In the video above, Dr Jan Fuglestvedt, research director at the Centre for International Climate and Environmental Research (CICERO) in Oslo, explains how assessing historical responsibility is likely to play a role in future discussions. But countries’ contributions to climate change will be strongly dependent on the method chosen for doing this, he says.

Separately, the Paris Agreement determined that a task force should be set up to figure out how to deal with the problem of displacement. The members have already been picked, and had specific tasks assigned. The task force is due to hold its first meeting during the Bonn talks (18–19 May), where members will begin preparing a draft work plan. Topics on the table include identifying legal, policy and institutional challenges, good practices and lessons learned.

The Paris Agreement also outlined eight specific areas of action to support the task of “averting, minimizing and addressing loss and damage associated with the adverse effects of climate change”. The list includes early warning systems and resilience-building.

At the Marrakech COP22 summit in 2016, a year on from Paris, the executive committee of the Warsaw mechanism approved a follow-up five-year work plan on loss and damage.

What started out as a broad statement of intent has some extra detail now that countries have submitted their views on what the overall objectives of the mechanism should be. The plan now is for the committee to draft a workplan over the summer, with details of specific activities, to be discussed in Bonn at the next Conference of the Parties (COP) in November.

With a list of priorities that covers slow-onset events (e.g. sea-level rise), risk management, and migration, climate scientists can contribute to policy discussions on loss and damage, says James. The opportunities may not always be obvious, however, because the UNFCCC’s calls for evidence may be “written in a different sort of language”, she tells Carbon Brief:

“For example, there was a call coming out on slow-onset events, which, in the UNFCCC language, means sea-level rise, glacial retreat, ocean acidification, desertification. And perhaps the people who are experts in those areas may not even realise that they’re doing work that’s relevant.”


Over the next five years, finance is also expected to be a theme, though how this will materialise remains woolly at present. The Warsaw mechanism will be reviewed again in 2019, which will, in particular, include a technical paper looking at potential sources of financial support for addressing loss and damage, as well as how to access this support.
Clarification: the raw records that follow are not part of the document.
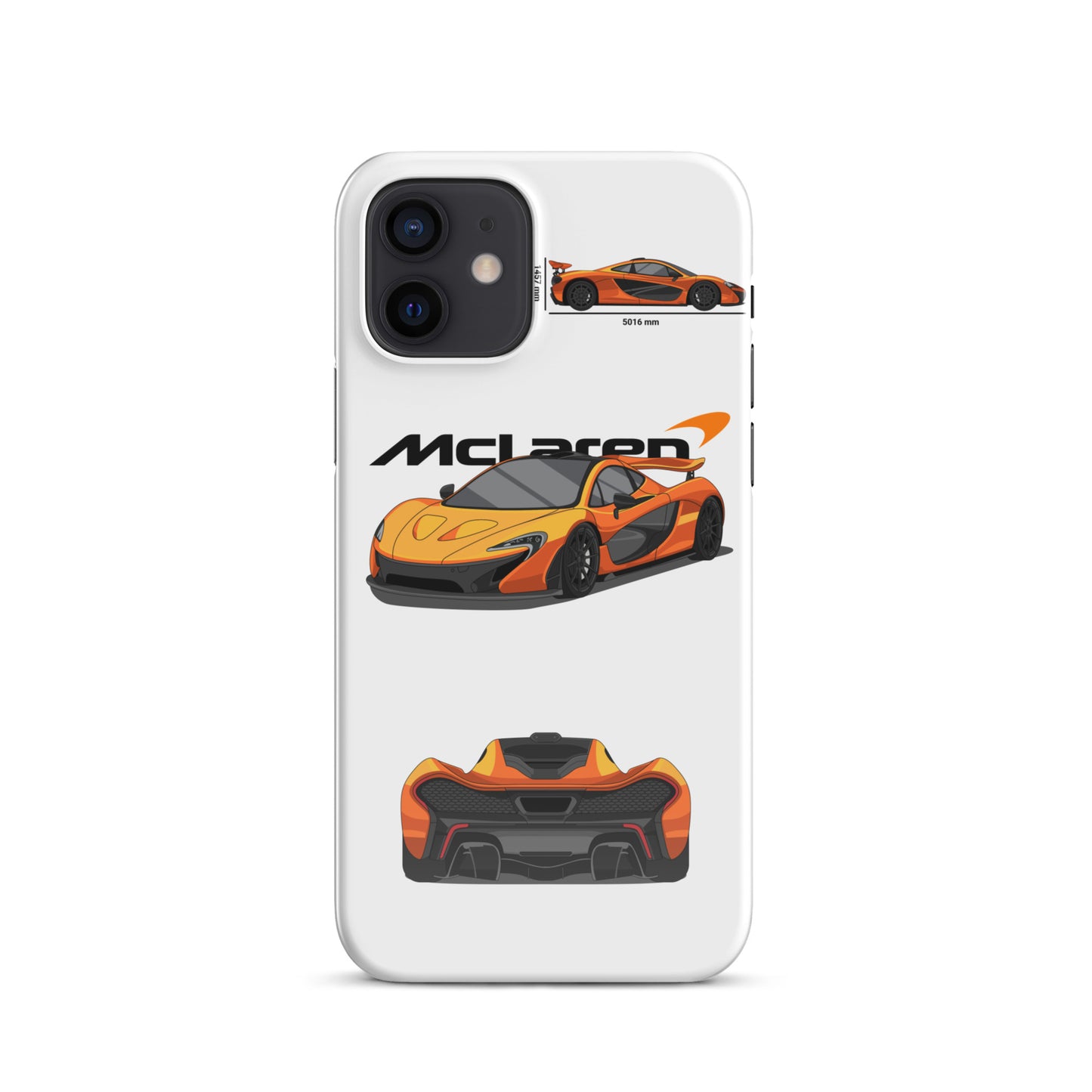 Mclaren P1 Snap case for iPhone® (White)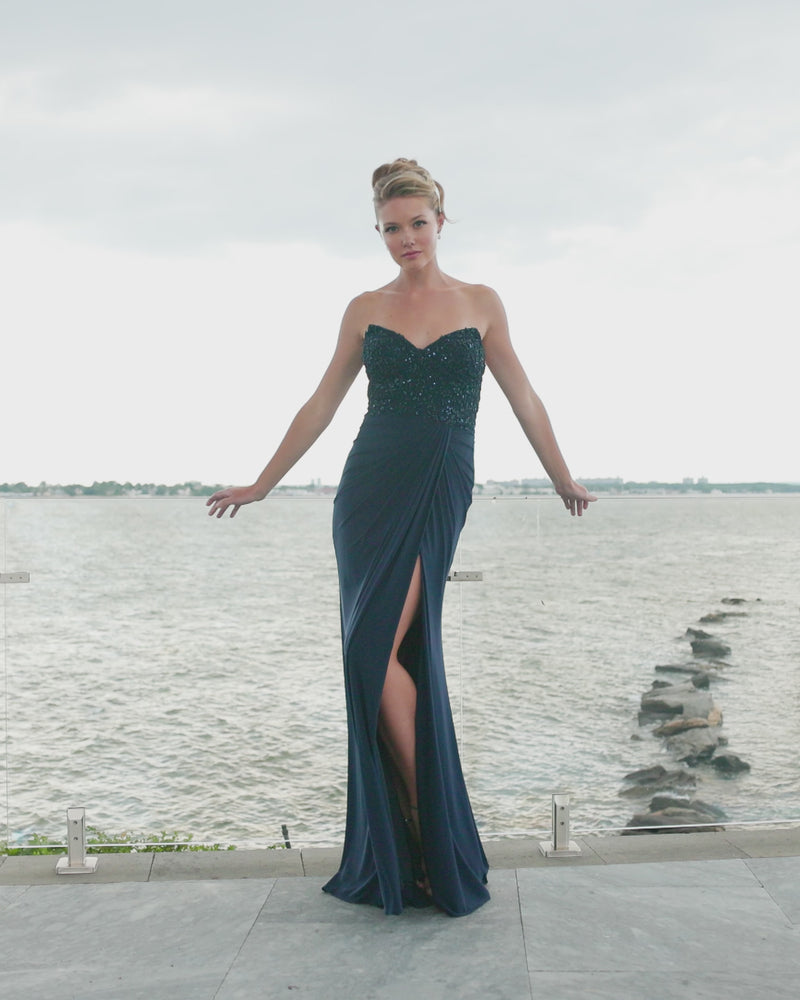 Faviana 11636 designer dress video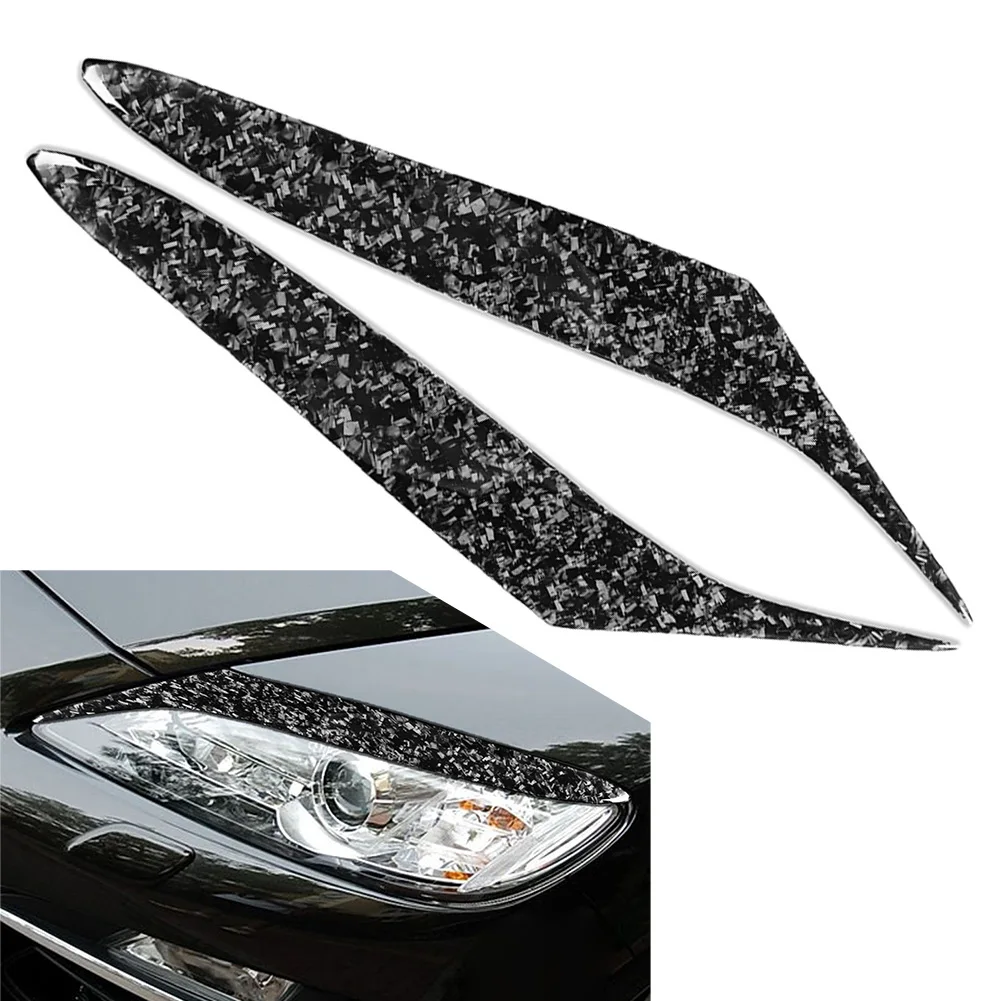 

Pair Car Headlight Eyebrow Eyelid Cover Trim Decoration Exterior Parts For Mazda RX-8 RX8 Coupe 2004 2005 2006 2007 2008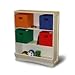 RiverRidge Kids Bookcase with Veggie Bin, 2 Shelves, White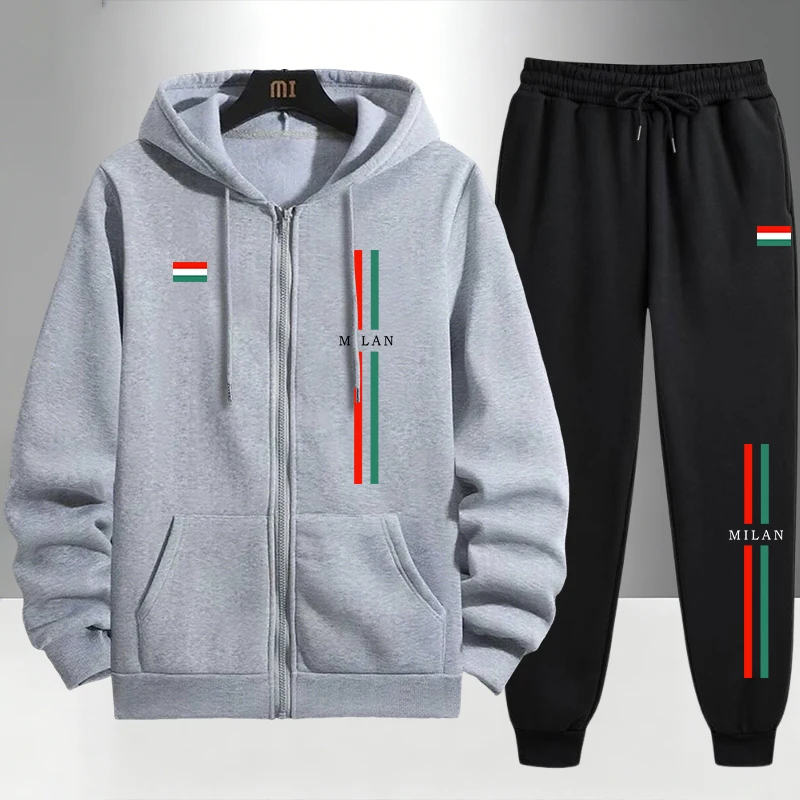2026 Italy Printed Men's Set Z - Men'S Fashion Zipper Hoodie review and price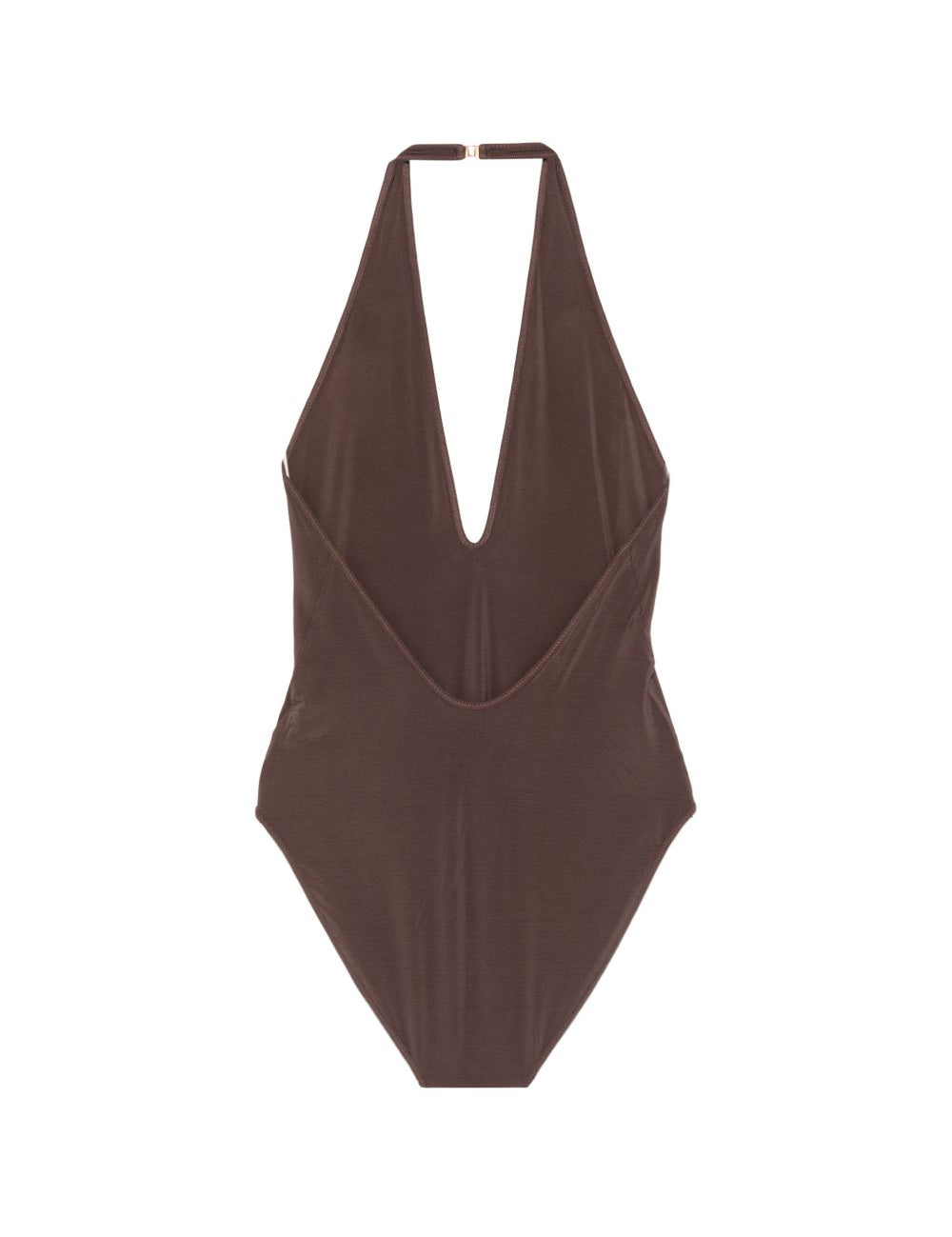 Body con scollo a spalla a V in marrne Zimmermann - donna 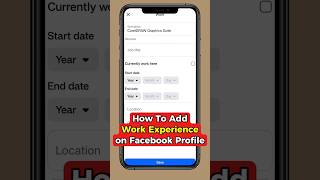How to Add Work Experience on Facebook Profile (2026)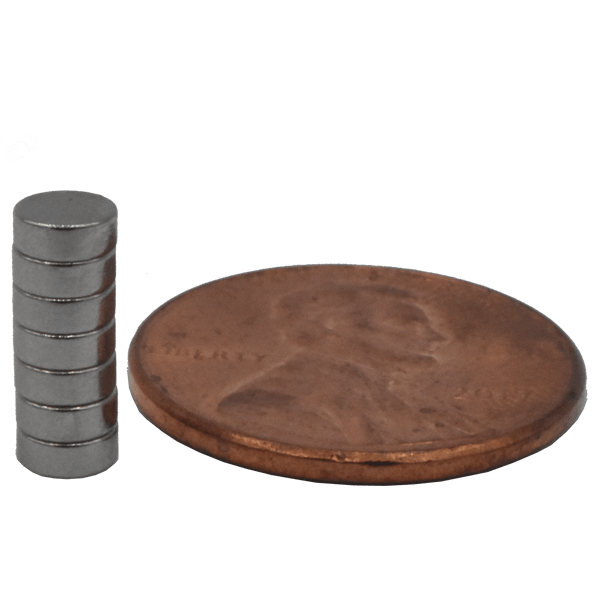 SuperMagnetMan Neodymium Disc Magnet.  Used as medical magnets, holding magnets, sensor magnets, consumer electronics magnets.  These small magnets are strong rare earth neodymium magnets also used as automotive magnets.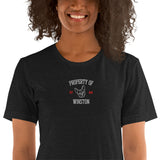 Property Of My Dog Custom Embroidered Unisex T-Shirt .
Julie-Anne Richards, international policy manager at the Climate Justice Programme, tells Carbon Brief:

“Given the urgent need, and the delays already behind us, the WIM [Warsaw international mechanism] needs to start work immediately on how to raise in the order of $50 to $100 million in the very near future. This work should include exploring options for finance that are not currently tapped (what are often called ‘innovative’ or ‘alternative’ sources of finance). These might include a global fossil fuel extraction levy, or aviation levies, or financial transaction taxes. There are a number of ways of raising funds that won’t come from government treasuries, and will instead come from the industries that are causing climate change.”

On that topic, a side-event is scheduled for COP23 in November, also to be held in Bonn, to discuss financial instruments and tools to address the risks of loss and damage “with a focus on highlighting innovative tools/schemes”.

A the same time, how to deal with non-economic losses caused by climate change presents a perennial problem, says Harriet Thew, a postgraduate at the University of Leeds focusing on loss and damage. UN climate negotiators are “not social workers”, she tells Carbon Brief, and can, therefore, find the topic intangible. She says:

“At the moment, the focus is quite heavy on the economic categorisation of loss and damage, and we want to highlight the things that people value that can be damaged by climate change or lost to climate change that aren’t accounted for in these assessments.”

Defining point

Discussions about loss and damage have evolved as the necessity for them has crystallised, but it’s clear that a huge number of questions remain.

While the concept of loss and damage has arguably come a long way, the specifics have not. On the opening day of the Bonn talks this week, for example, the Maldives, on behalf of AOSIS, once more highlighted the need to not only address loss and damage, but also to define it. A full 26 years after AOSIS first proposed loss and damage, this is slow progress by any standard.

However, the talks taking place in Bonn over the next fortnight will take on a distinctly technical flavour, as parties largely attempt to further flesh out the “rulebook” for putting the Paris Agreement into action. This means the far meatier topic of loss and damage is not officially on the negotiating agenda until the next COP in November, also in Bonn, when the Executive Committee of the Warsaw Mechanism reports back on its progress.

Having gained considerable traction on the issue in recent years, many will be working hard over the next two weeks to prepare the ground for more substantive progress later in the year, and to remind governments loss and damage is an issue they can’t shy away from.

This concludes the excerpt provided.